Friday 13 March 2020

Cultural barriers to KM - updated

Which are the most common cultural barriers to KM? How do these barriers change with KM maturity? Which parts of the world have the most cultural barriers?  

These are some of the questions we addressed in our recent surveys of Knowledge Management. The results from the 2014 survey are presented in a previous blog post, and this post includes results from the 2017 survey as well.


 First we provided the respondents with a list of the top ten elements of an Organisational Learning culture, and asked them to identify which of these elements was currently a barrier to the implementation of Knowledge Management. The graph above shows the results, with the numbers being the number of people who identified this element as a barrier to their KM program. A total of 473 people answered the question.

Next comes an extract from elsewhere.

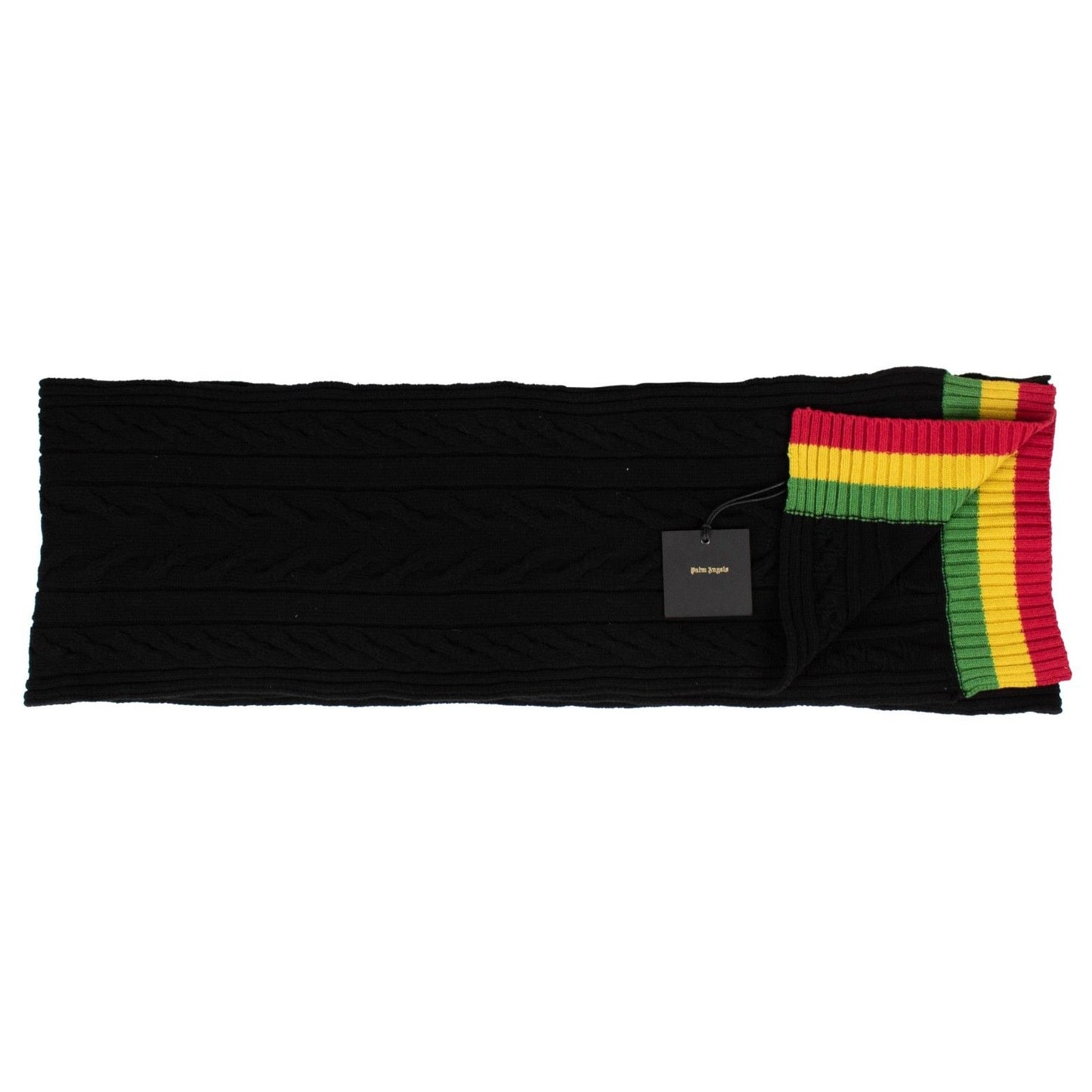 Black Cable Knit Tennis Scarf O/S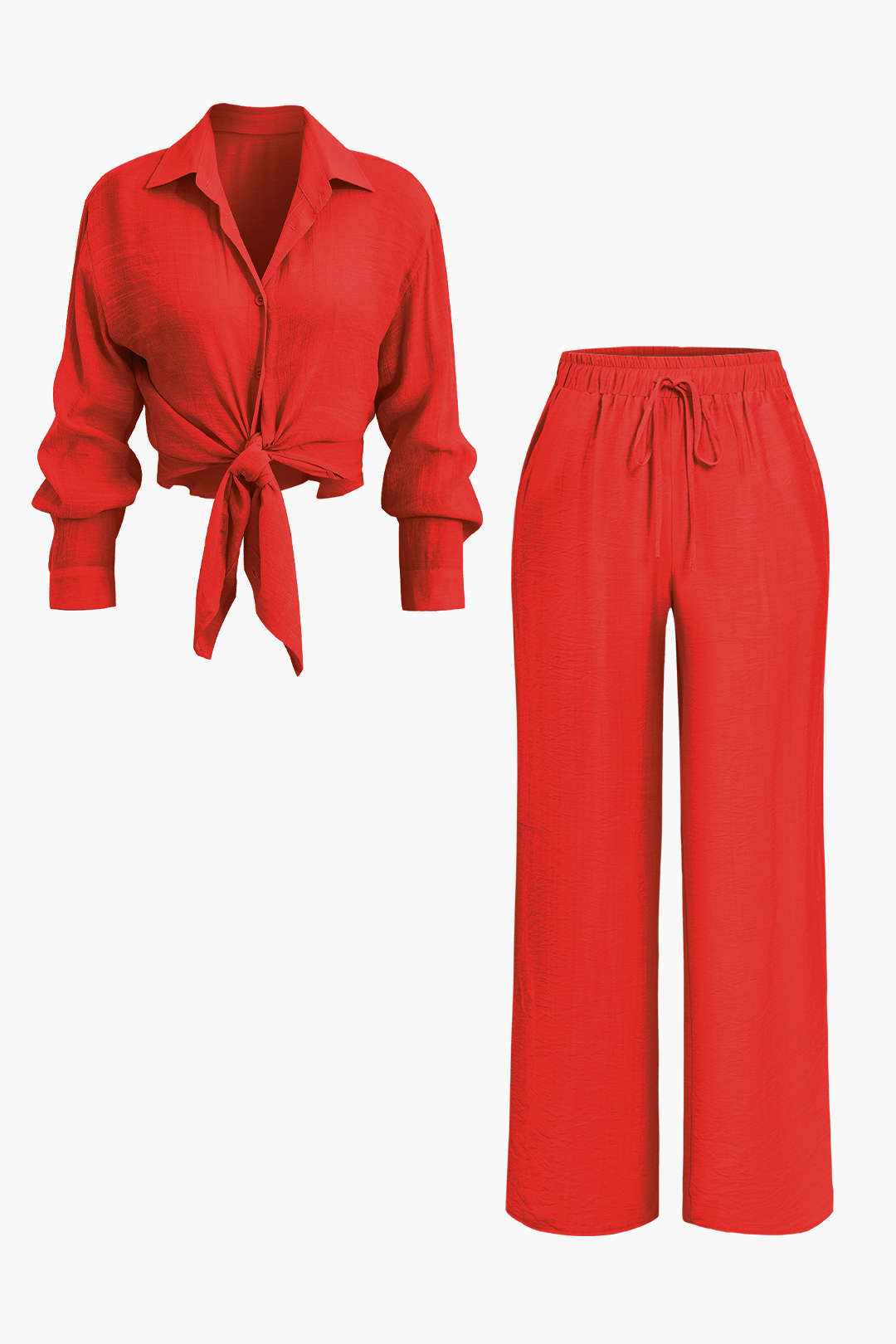 Tie Front Shirt And Wide Leg Pants Set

The greatest cultural barrier to KM is short-term thinking - hurrying on with work rather than taking the time to learn before, during and after.  The second most common barrier is a lack of openness - a lack of willingness for people to be open to knowledge sharing and to analysis of what they have learned.  These two barriers are significantly more common that the others, and the same two were in top and second place in the 2014 survey.

Respondents could choose multiple cultural barriers, and to an extent, the number of barriers chosen is a measure of how supportive or unsupportive the culture is.

The number of cultural barriers identified by the respondents is on average fewest (and the culture therefore most supportive) for those companies where Knowledge Management is fully embedded.




This graph may be interpreted in three ways; either KM is easy to embed where the culture is most supportive, that embedding KM requires culture change, or that embedded KM acts to change the culture.


This issue is further explored in the third graph, which shows the average number of cultural barriers identified from respondents from different regions (note that the numbers of respondents are small in some cases).



The most supportive cultures for Knowledge Management seem to be in Australasia and the Indian sub-continent, with the least supportive cultures in Africa and China. The USA and Western Europe sit somewhere in the middle.